🤖 AI Summary
This work addresses security vulnerabilities in large language model (LLM) prompts by proposing a lightweight, interpretable defense mechanism. The approach jointly trains a prompt classifier and an explanation generator via multi-task learning, incorporating synthetically generated explanations designed to counteract LLMs’ confirmation bias. A novel uncertainty-weighted loss function—integrating cross-entropy and focal loss with global explanation signals—is introduced to enhance robustness. Evaluated on three datasets under both in-domain and out-of-domain settings, the method matches or exceeds state-of-the-art performance in both detection accuracy and explanation quality, while substantially reducing model size. This achieves a strong balance among efficiency, interpretability, and security.
📝 Abstract
We propose a lightweight explainable guardrail (LEG) method for the classification of unsafe prompts.

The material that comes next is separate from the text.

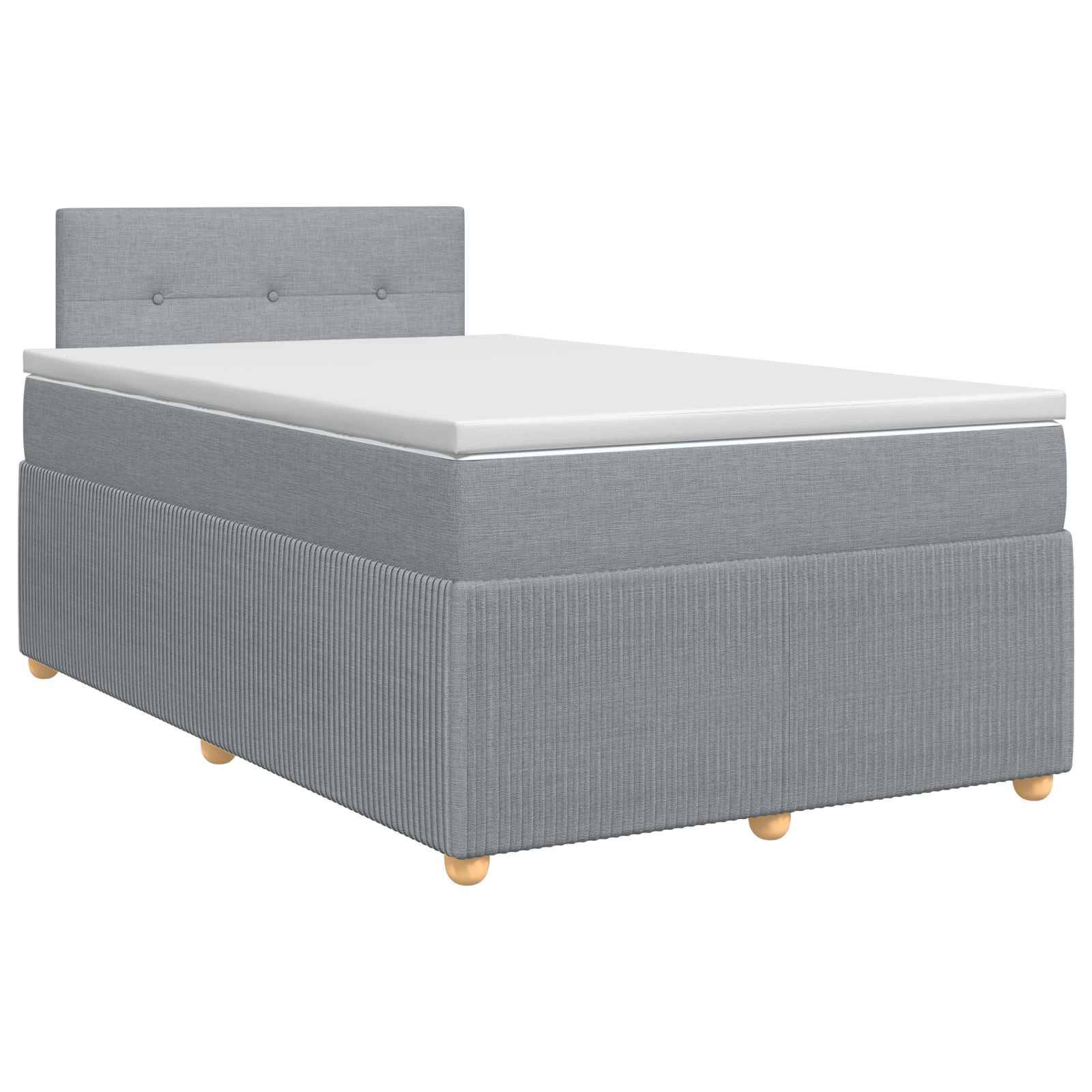 Grau gepolstertes Bett mit gepolstertem Kopfteil und Matratze auf einem einfachen weißen Hintergrund.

LEG uses a multi-task learning architecture to jointly learn a prompt classifier and an explanation classifier, where the latter labels prompt words that explain the safe/unsafe overall decision. LEG is trained using synthetic data for explainability, which is generated using a novel strategy that counteracts the confirmation biases of LLMs. Lastly, LEG's training process uses a novel loss that captures global explanation signals and combines cross-entropy and focal losses with uncertainty-based weighting. LEG obtains equivalent or better performance than the state-of-the-art for both prompt classification and explainability, both in-domain and out-of-domain on three datasets, despite the fact that its model size is considerably smaller than current approaches. If accepted, we will release all models and the annotated dataset publicly.